Bab 4
Bripka Arifin terdiam di tengah
ruangan tempat korban Adi Perdana tewas, dia kembali datang ke TKP – Tempat Kejadian
Perkara- karena ada beberapa hal yang ingin dia pastikan. Masih sama seperti mereka tinggalkan. Garis polisi
masih melintang, tidak mengizinkan siapa pun selain yang berkepentingan masuk
ke dalamnya, gambar kapur penanda tubuh korban ditemukan juga masih ada. Kipas angin,
meja, vas bunga, masih lengkap. Tadi pagi dia baru saja menerima beberapa hasil
dari tim forensik, ada yang meleset dari perkiraan awalnya. Korban tidak mati
karena kehabisan darah, namun ada bekas jeratan di lehernya. Jeratan tipis,
seperti menggunakan benang halus, dia perkirakan itu seperti alat pancing. Ini
menarik, untuk apa pelaku menusuk korban? Yang paling penting senjata
pembunuhnya belum ditemukan, atau ini hanya kamuflase untuk mengecoh polisi?

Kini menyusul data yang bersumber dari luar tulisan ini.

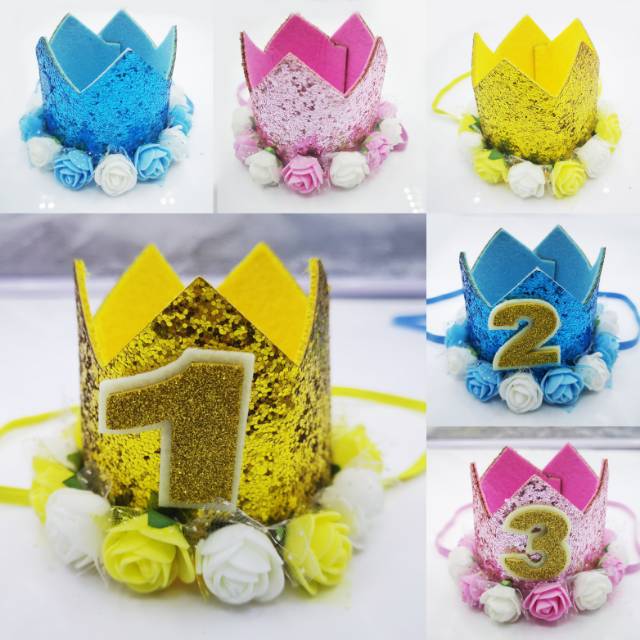 Flower Crown Glitter / Mahkota Flannel 1st 2nd 3rd 4th 5th Birthday Boy / Girl Gold Blue Pink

Awalnya dia menaruh kecurigaan
pada pasangan tidak sah yang terpergok di saat yang bersamaan. Tidak ada yang
namanya kebetulan, itu adalah asumsi dia. Namun, setelah penyidikan panjang dan
melelahkan malam itu, mereka berdua lepas dari tuduhan pembunuhan tingkat satu.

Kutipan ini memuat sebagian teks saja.